Jelle M. Beernink1, Niels Jongs1, Hiddo J.L. Heerspink1
1. Department of Clinical Pharmacy and Pharmacology, University Medical Center Groningen, Groningen, Netherlands.
Background: Patients with type 2 diabetes and chronic kidney disease (CKD) show large between-individual variation in albuminuria responses to the SGLT2 inhibitor dapagliflozin (DAPA). N-of-1 trials, in which individuals receive treatment and placebo repeatedly, allow for precise estimation of individual placebo-corrected effects and individual response reproducibility upon re-exposure. We developed a Bayesian model to assess if a participant’s initial placebo-corrected response predicts their response upon re-exposure.
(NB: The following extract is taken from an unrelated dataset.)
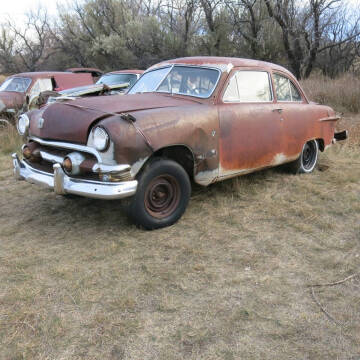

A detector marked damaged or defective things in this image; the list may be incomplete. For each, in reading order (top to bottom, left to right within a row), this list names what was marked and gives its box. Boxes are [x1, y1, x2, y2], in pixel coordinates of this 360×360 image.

rusty vintage car [0, 70, 95, 124]
rusty vintage car [12, 57, 348, 229]
second abandoned car [12, 57, 348, 229]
Methods: We conducted a randomized, placebo-controlled n-of-1 trial in participants with type 2 diabetes and CKD. Each participant received DAPA and placebo twice for one week in random order, enabling within-person estimation of placebo-corrected responses during the first and second exposure. Generalized pairwise comparisons yielded 3,160 within- and between-subject ΔUACR comparisons from baseline. Bayesian hierarchical models estimated the posterior UACR response using priors from each participant’s first exposure.
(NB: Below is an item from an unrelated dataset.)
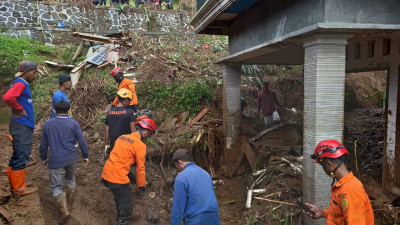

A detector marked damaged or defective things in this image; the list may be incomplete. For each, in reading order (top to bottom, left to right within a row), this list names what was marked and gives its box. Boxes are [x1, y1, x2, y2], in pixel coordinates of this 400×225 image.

broken wooden plank [191, 107, 209, 124]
Results: Twenty participants (mean age 64.9 years, mean eGFR 70.2 mL/min/1.73m², median UACR 94.7 mg/g) were included. Observed placebo-corrected UACR responses to DAPA ranged from –73.4% to 89.3% during the first exposure and –155.0% to 91.9% during the second. Model-predicted placebo-corrected UACR responses during the second DAPA exposure, based on DAPA responses during the first exposure ranged from –70.3% to 62.2% and correlated strongly with observed placebo-corrected DAPA responses upon re-exposure (r=0.70, P<0.001; Figure). Participants with initial UACR reductions <–30% or <–20% had high probabilities of repeating the response during re-exposure (75.8% and 86.6%, respectively), compared to 3.0% and 4.8% for those without such reductions.
Conclusion: Placebo-corrected UACR responses to DAPA were reproducible and predictable, paving the way for individualized DAPA response monitoring.